• REQUIRED ACTION:
Copy exactly, and only, the lines between the start of the entries below and the line containing "Young, sad, depressed", both inclusive. Omit pictures.

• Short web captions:
-- -- --

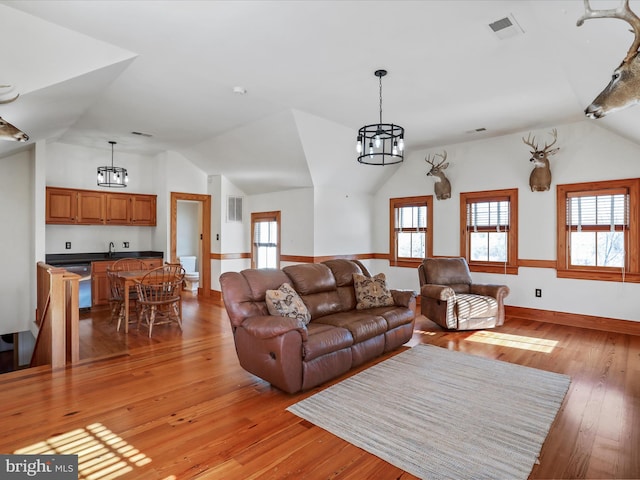 living area featuring light wood-type flooring, plenty of natural light, visible vents, and lofted ceiling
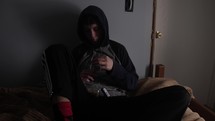 Young, sad, depressed man, teenage boy sits alone in a dark room smoking a cigarette or drugs like marijuana.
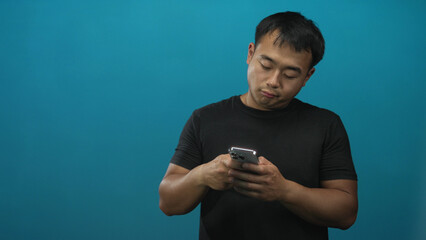 Young chinese man smiling while holding smartphone with both bare hands at chest level in turquoise...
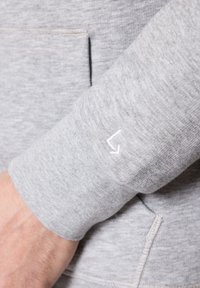 Jasnoszara tkanina bluzy z teksturowanym wyglądem. Rękaw ma mały, biały detal z logo. Zawiera kieszeń z przodu.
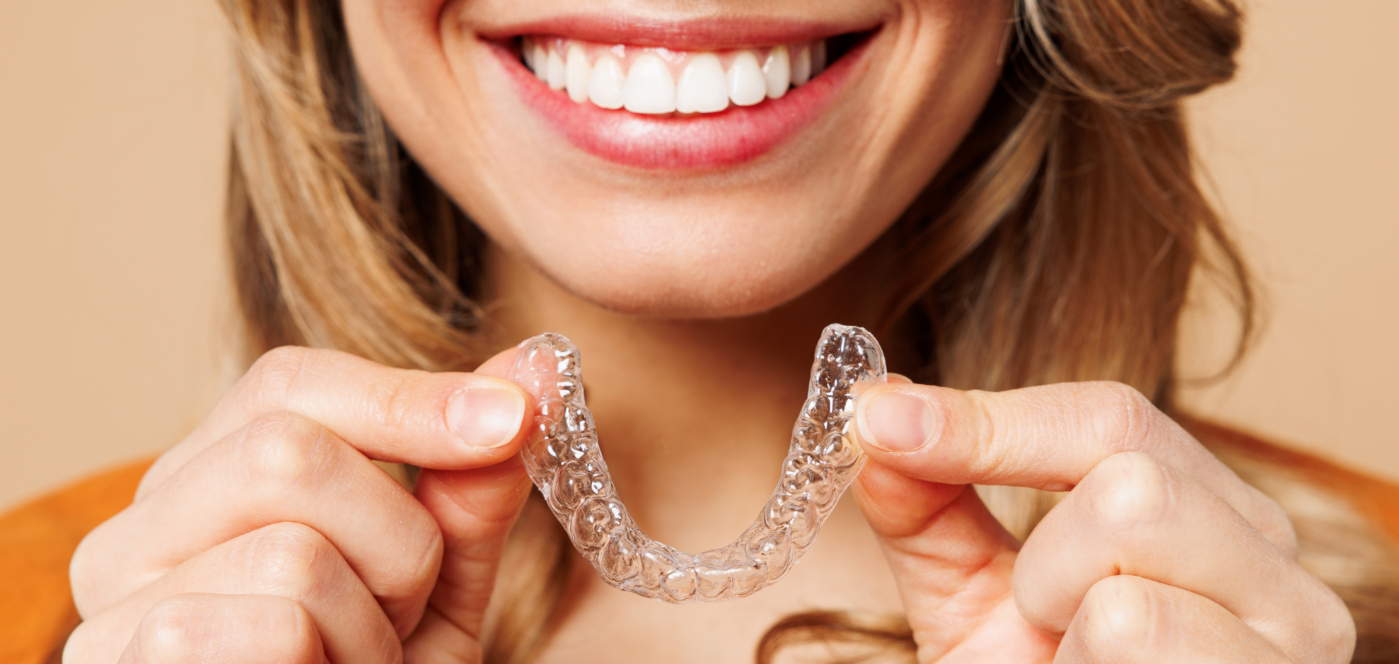 Close up of a smiling woman holding an Invisalign clear aligner in Wauwatosa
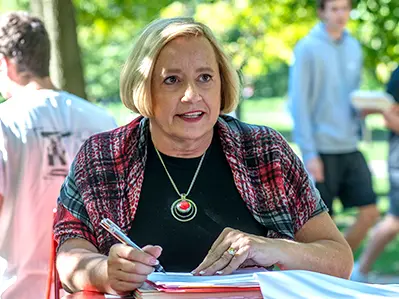 A mature woman seems invested in listening to a person off-screen. She is outside and taking notes on a packet on top of a stack of folders and notebooks.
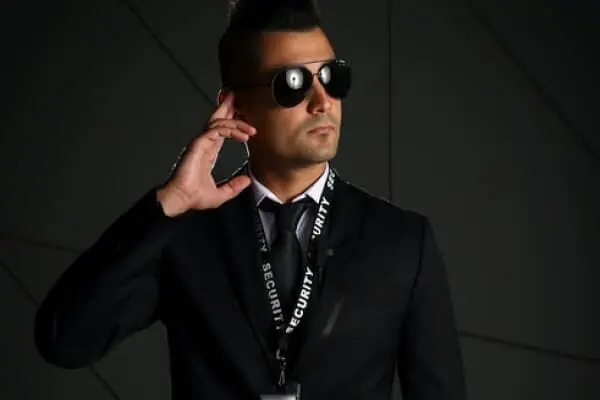 Security guard in black suit and sunglasses demonstrating vigilance and protection.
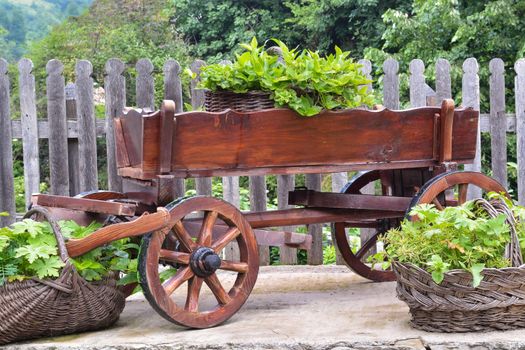 Wooden cart and wicker baskets in the back yard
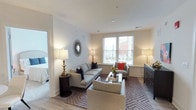 This single-floor residence offers a thoughtfully designed living space that balances comfort and contemporary style. The living room serves as the heart of the home, featuring light-toned hardwood flooring and neutral white walls that create a clean, airy atmosphere. Natural light streams in through large windows fitted with white blinds, offering pleasant views of the surrounding neighborhood and enhancing the room's bright, welcoming feel.

The living area is generously proportioned, accommodating a full seating arrangement that includes a light gray sofa adorned with navy accent pillows, a coordinating armchair with a bold red cushion, and an additional upholstered chair. A glass-top coffee table anchors the seating group atop a geometric-patterned area rug in warm neutral tones. Ambient lighting is provided by elegantly styled table lamps, while a decorative sunburst mirror adds visual interest to one wall.

A dark wood dresser along one wall provides functional storage, and an open doorway reveals an adjoining bedroom, suggesting a well-connected, flowing floor plan. The overall ambiance is polished, calm, and move-in ready.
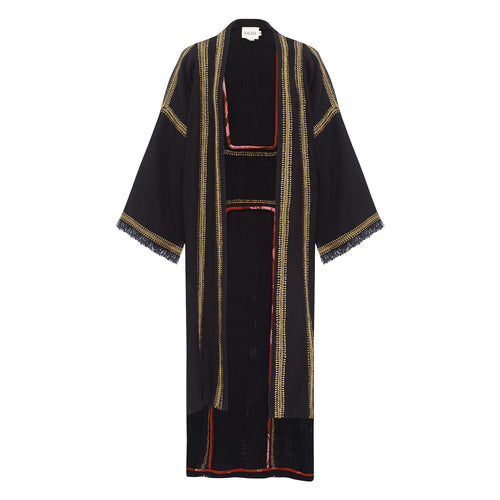 A model wearing a black and gold embroidered Savanah coat with fraying at the cuffs, sitting elegantly. On Sale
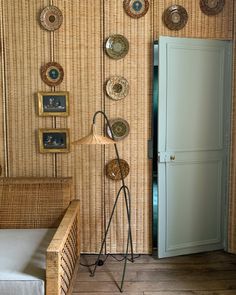 a living room with wicker walls and pictures on the wall, including an open door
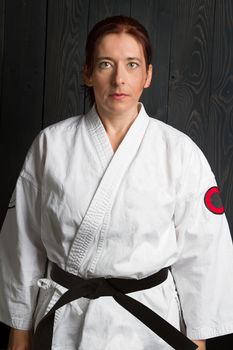 forty year old woman wearing karate gi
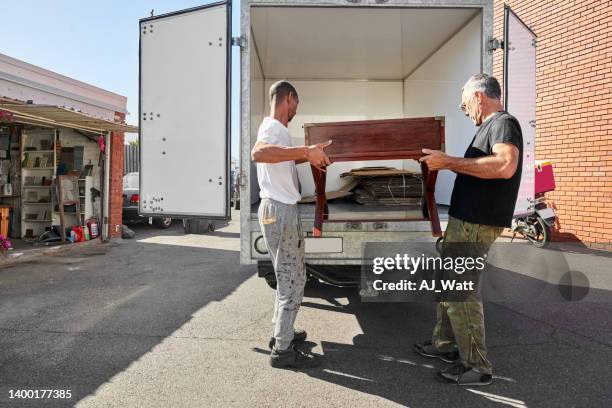 zwei schreiner laden einen holztisch auf einen lieferwagen - körperliche aktivität stock-fotos und bilder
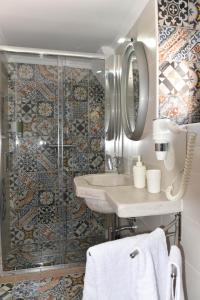 a bathroom with a sink and a shower at Casa Mida - Guest House in Pezze di Greco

-- -- --

• YOUR SOLUTION:
 living area featuring light wood-type flooring, plenty of natural light, visible vents, and lofted ceiling
 Young, sad, depressed man, teenage boy sits alone in a dark room smoking a cigarette or drugs like marijuana.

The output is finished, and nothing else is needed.